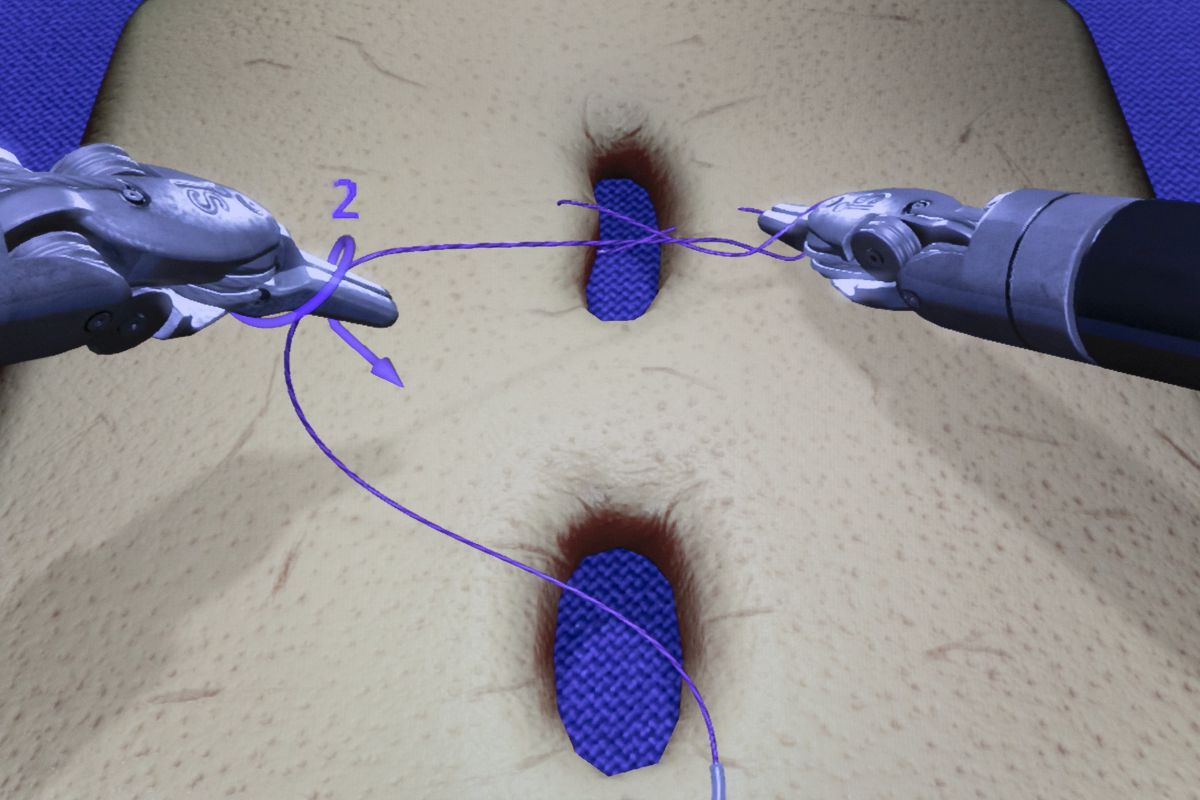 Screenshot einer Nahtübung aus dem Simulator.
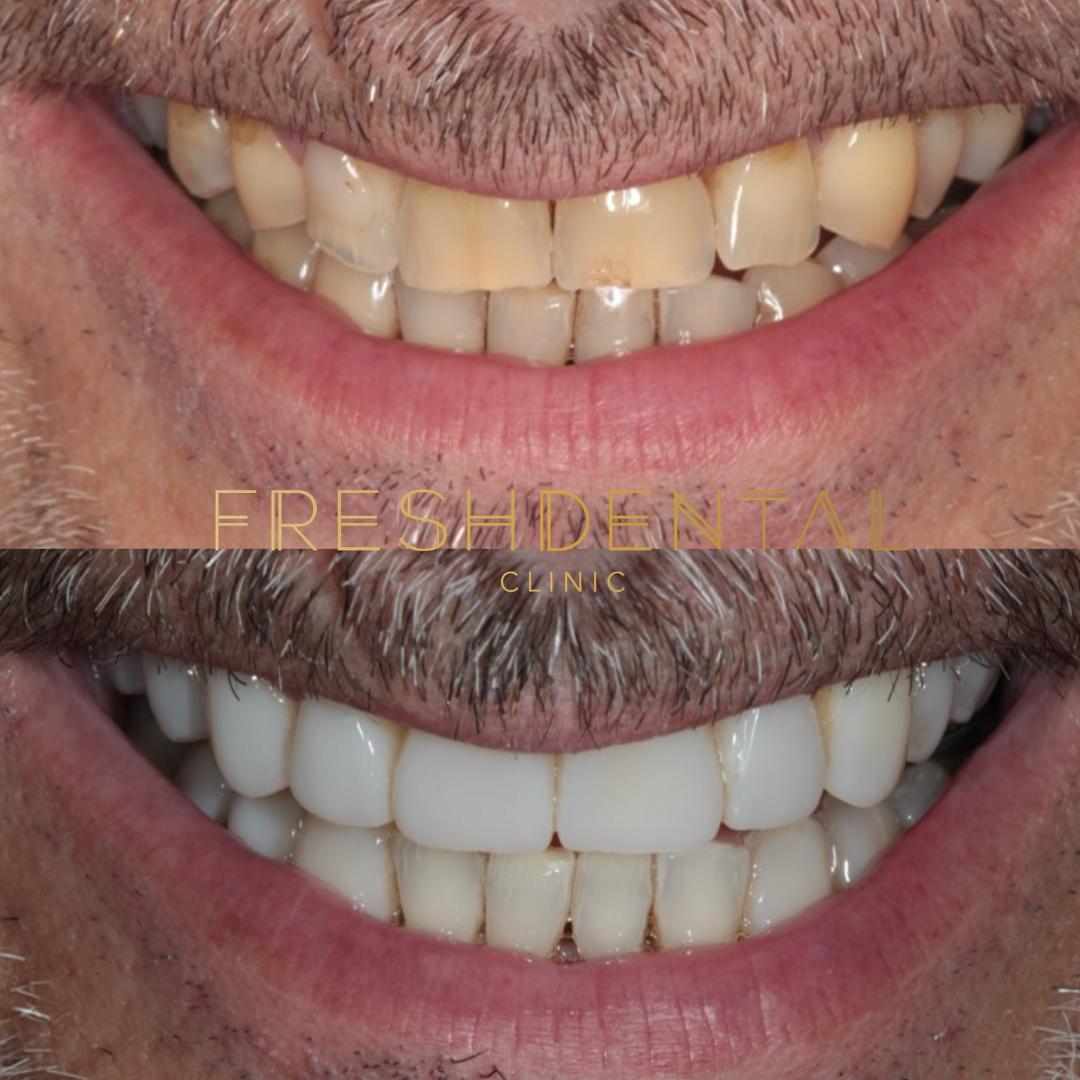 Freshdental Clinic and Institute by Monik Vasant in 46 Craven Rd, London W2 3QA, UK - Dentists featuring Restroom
++++++
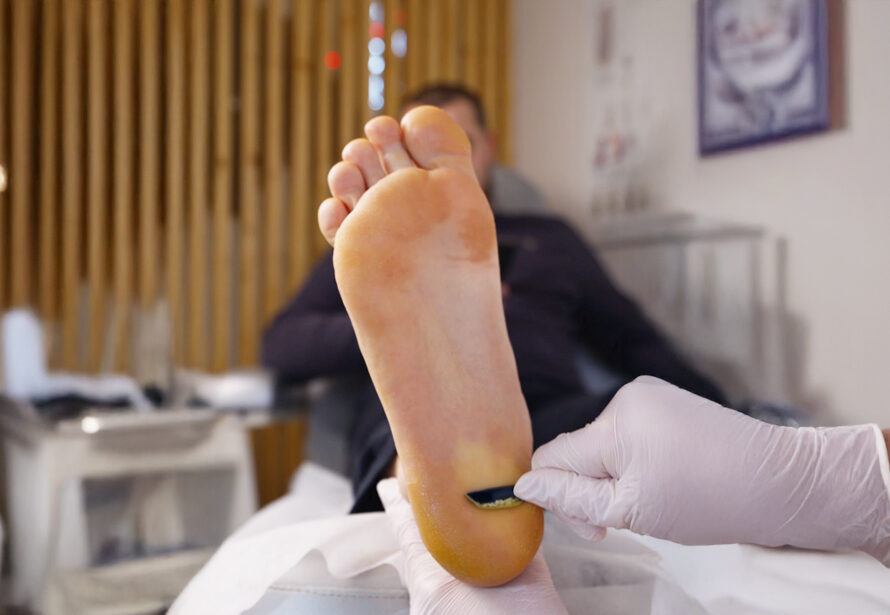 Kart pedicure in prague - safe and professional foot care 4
++++++
## Try it
Copy only the lines above from the one containing "Screenshot einer Nahtübung" through the one containing "Freshdental Clinic and", both included. Leave out the pictures.

## Problem solution
 Screenshot einer Nahtübung aus dem Simulator.
 Freshdental Clinic and Institute by Monik Vasant in 46 Craven Rd, London W2 3QA, UK - Dentists featuring Restroom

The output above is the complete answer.